Okay, you are right--I have been out of the dating scene for quite a while now.  But, as someone who is very single--much like my friends who are very married--you still have to love living vicariously through your friends that are out there in the game.  Some of the better times I have had over the last couple of months have been by just listening to all that has been going on with friends of mine and their dating lives.  Of course, not all of these stories are much fun for the person being talked about, but you've got to pay the piper sometime...and, now is sometime.
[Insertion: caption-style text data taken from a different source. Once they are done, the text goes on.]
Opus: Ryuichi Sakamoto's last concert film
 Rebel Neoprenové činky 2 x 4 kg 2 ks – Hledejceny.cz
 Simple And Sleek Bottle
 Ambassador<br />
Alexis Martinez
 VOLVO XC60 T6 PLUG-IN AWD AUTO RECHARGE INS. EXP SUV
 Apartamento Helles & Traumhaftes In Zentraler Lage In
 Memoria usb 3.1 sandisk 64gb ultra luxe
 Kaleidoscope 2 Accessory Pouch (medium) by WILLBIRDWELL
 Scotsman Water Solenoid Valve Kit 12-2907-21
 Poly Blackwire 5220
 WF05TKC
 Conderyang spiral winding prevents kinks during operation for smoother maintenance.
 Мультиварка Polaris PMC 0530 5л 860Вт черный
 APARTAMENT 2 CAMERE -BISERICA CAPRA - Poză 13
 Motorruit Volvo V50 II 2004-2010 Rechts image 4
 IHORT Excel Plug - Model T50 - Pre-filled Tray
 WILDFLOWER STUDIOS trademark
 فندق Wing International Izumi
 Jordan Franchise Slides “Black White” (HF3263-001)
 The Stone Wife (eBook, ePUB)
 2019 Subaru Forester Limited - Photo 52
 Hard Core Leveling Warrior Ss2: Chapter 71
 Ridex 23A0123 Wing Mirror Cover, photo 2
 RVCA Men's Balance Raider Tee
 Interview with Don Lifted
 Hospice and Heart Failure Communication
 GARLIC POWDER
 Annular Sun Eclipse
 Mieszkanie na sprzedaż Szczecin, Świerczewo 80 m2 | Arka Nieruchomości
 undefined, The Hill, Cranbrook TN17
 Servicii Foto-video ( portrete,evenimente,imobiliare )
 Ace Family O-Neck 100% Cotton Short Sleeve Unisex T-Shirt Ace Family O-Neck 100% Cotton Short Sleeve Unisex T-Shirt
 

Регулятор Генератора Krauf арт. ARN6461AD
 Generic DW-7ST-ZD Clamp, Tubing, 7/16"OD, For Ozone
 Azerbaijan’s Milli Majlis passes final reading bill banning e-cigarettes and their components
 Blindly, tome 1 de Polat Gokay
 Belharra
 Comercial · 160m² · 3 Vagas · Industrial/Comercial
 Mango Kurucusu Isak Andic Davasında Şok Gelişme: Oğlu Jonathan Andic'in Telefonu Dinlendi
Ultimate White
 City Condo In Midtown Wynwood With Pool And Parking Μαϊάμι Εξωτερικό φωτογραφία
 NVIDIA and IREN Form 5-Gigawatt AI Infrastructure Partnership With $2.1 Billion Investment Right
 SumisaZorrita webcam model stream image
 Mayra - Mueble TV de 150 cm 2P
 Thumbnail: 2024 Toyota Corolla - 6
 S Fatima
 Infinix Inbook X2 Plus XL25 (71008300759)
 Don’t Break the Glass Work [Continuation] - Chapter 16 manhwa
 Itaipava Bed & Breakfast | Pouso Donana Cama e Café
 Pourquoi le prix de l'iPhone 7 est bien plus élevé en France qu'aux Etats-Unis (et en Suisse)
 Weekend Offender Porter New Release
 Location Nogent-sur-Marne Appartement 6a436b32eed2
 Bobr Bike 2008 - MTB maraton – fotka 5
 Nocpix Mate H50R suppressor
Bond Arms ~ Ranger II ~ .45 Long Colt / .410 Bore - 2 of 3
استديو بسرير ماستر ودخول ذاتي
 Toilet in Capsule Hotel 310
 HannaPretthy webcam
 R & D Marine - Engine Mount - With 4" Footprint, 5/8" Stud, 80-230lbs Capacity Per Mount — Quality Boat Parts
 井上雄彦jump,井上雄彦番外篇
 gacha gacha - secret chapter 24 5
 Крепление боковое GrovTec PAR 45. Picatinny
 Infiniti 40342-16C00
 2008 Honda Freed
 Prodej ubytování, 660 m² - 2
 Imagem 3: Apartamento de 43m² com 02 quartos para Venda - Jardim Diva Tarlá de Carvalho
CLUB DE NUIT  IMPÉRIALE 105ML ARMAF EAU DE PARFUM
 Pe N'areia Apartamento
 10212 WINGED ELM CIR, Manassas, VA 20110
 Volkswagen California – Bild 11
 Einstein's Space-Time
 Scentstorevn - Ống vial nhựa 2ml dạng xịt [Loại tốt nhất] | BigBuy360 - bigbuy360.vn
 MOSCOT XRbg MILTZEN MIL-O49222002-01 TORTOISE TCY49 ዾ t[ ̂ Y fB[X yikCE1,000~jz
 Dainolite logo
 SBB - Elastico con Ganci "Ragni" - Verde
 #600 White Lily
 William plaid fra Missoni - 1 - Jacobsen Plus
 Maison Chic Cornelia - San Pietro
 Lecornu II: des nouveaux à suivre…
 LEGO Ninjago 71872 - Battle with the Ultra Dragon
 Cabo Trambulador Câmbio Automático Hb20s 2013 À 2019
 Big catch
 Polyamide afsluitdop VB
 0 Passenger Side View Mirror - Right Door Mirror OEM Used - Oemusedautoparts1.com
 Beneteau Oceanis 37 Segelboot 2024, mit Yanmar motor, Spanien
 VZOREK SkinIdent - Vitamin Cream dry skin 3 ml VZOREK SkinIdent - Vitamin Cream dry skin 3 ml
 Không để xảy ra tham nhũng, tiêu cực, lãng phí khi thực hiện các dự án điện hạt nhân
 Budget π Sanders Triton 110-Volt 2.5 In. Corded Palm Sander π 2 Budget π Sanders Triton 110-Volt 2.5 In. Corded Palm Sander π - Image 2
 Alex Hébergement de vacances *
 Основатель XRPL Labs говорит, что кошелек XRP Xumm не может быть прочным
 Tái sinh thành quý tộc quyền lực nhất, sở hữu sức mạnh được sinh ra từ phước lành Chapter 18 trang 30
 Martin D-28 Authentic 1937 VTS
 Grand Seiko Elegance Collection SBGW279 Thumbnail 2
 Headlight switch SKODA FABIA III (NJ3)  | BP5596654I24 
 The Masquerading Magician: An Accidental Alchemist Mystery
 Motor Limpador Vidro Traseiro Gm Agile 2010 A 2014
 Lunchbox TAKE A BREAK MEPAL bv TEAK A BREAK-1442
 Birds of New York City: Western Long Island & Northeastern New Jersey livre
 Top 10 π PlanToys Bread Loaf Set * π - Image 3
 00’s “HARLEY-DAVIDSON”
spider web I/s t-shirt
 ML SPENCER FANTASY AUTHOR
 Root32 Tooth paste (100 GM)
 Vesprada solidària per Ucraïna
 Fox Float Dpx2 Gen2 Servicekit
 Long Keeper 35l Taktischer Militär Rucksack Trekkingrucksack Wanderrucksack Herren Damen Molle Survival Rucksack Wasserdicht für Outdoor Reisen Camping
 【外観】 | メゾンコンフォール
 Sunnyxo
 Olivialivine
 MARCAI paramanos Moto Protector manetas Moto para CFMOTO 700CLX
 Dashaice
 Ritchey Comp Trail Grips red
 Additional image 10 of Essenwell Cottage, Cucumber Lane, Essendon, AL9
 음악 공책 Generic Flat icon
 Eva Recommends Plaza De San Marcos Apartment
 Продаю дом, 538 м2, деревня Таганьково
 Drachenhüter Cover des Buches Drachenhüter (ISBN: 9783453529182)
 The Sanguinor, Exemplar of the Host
(All names changed to "exotic dancer" naming structure for privacy purposes.)

UnHarmonious

My good friend Dakotah recently gave the online dating scene the college try by using eHarmony to meet guys a few months ago.  This is the site that takes a slightly different road to success--you've got to fill out this long questionnaire to get started, and then you can go through a bunch of anonymous communication over e-mail before you start to hang out in person.  This site seems to really stress long-term relationships over the short-term hookup that a craigslist.org or Match.com meeting provided for so many of my friends, so I was excited to see how this worked out for Dakotah.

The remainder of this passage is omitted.